Ramenons cependant à la vérité pratique ces spéculations transcendantes. Tout ce qui est possible n'est pas vraisemblable; tout ce qui est vraisemblable n'est pas intéressant. La vraisemblance consiste à n'attribuer à la nature que des procédés conformes à ses lois et à ses facultés connues or, cette prescience des possibles ne s'étend guère au-delà des faits. Notre imagination devancera bien la nature à quelques pas de la réalité; mais à une certaine distance, elle s'égare et ne reconnaît plus le chemin qu'on lui fait tenir. D'un autre côté, rien ne nous touche

que ce qui nous approche; et l'intérêt tient aux rapports que les objets ont avec nous-même : or, des possibles trop éloignés n'ont plus avec nous aucun rapport, ni de ressemblance, ni d'influence. Ainsi, le génie poétique ne fût-il pas limité par sa propre faiblesse et par le cercle étroit de ses moyens, il le serait par notre manière de concevoir et de sentir. Le spectacle qu'il donne est fait pour nous : il doit donc, pour nous plaire, se mesurer à la portée de notre vue. On reproche à Homère d'avoir fait des hommes de ses dieux; pouvait-il en faire autre chose? Ovide, pour nous rendre sensible le palais du dieu de la lumière, n'a-t-il pas été obligé de le bâtir avec des grains de notre sable les plus luisants qu'il a pu choisir? Inventer, ce n'est donc pas se jeter dans des possibles auxquels nos sens ne peuvent atteindre; c'est combiner diversement nos perceptions, nos affections, ce qui se passe au milieu de nous, autour de nous, en nous-mêmes.

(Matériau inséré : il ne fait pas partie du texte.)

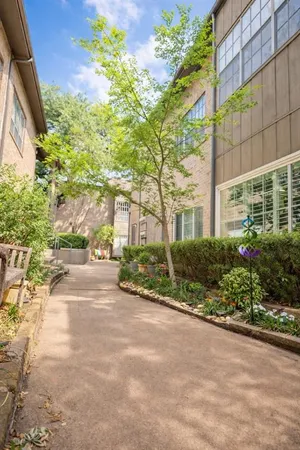 a view of a garden with a building in the background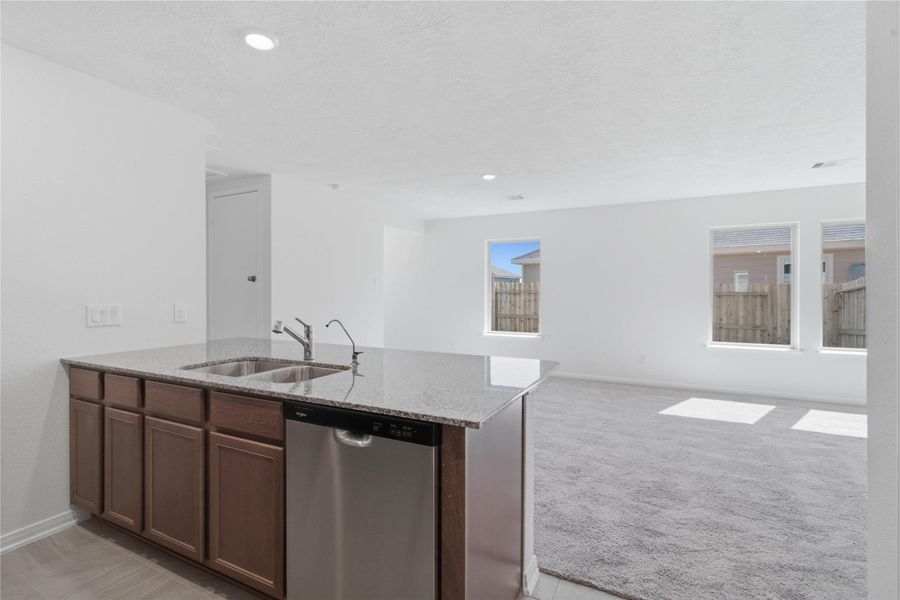 Start your day with a warm cup of coffee and quality time in this charming dining area! Highlights include a large window, custom neutral paint, carpet flooring, high ceilings, recessed lighting, and a convenient door leading to the rear patio and backyard.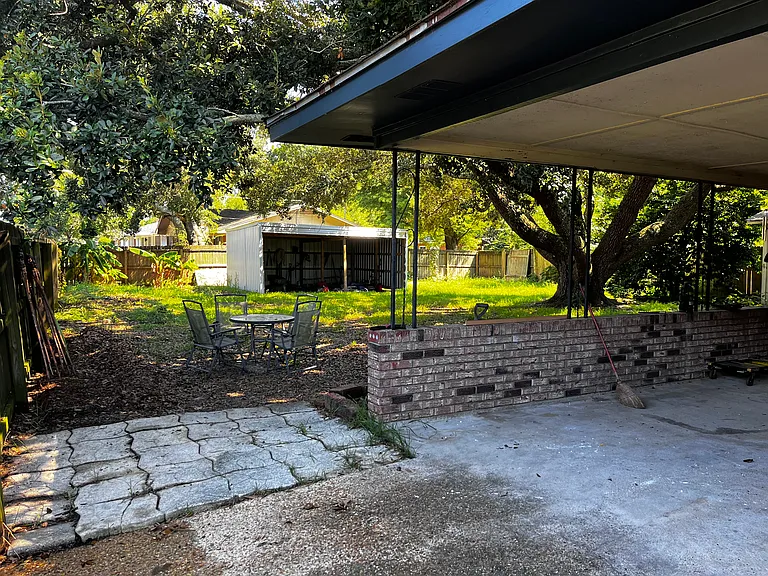 Fenced backyard with 2 bay pole bard, 2 double gates for access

Le froid copiste, je l'avoue, ne mérite pas le nom d'inventeur; mais celui qui découvre, saisit, développe dans les objets ce que n'y voit pas le commun des hommes; celui qui compose un tout idéal, intéressant et nouveau, d'un assemblage de choses connues, ou qui donne à un tout existant une vie, une grâce, une beauté nouvelle; celui-là, dis-je, est poète, ou Corneille et Homère ne le sont pas.

L'histoire, la scène du monde, donne quel

quefois les causes sans les effets, quelquefois les effets sans les causes, quelquefois les causes et les effets sans les moyens; plus rarement le tout ensemble. Il est certain que plus elle donne, moins elle laisse de gloire au génie. Mais en supposant même que le tissu des événements soit tel, que la vérité dérobe à la fiction le mérite de l'ordonnance; pourvu que le poète s'applique à donner aux mœurs, aux descriptions, aux tableaux qu'il imite, cette vérité intéressante qui persuade, touche, captive, et saisit l'ame des lecteurs; ce talent de reproduire la nature, de la rendre présente aux yeux de l'esprit, surtout de l'agrandir, ne suffit-il pas pour élever l'imitateur au-dessus de l'historien, du philosophe, et de tout ce qui n'est pas poète?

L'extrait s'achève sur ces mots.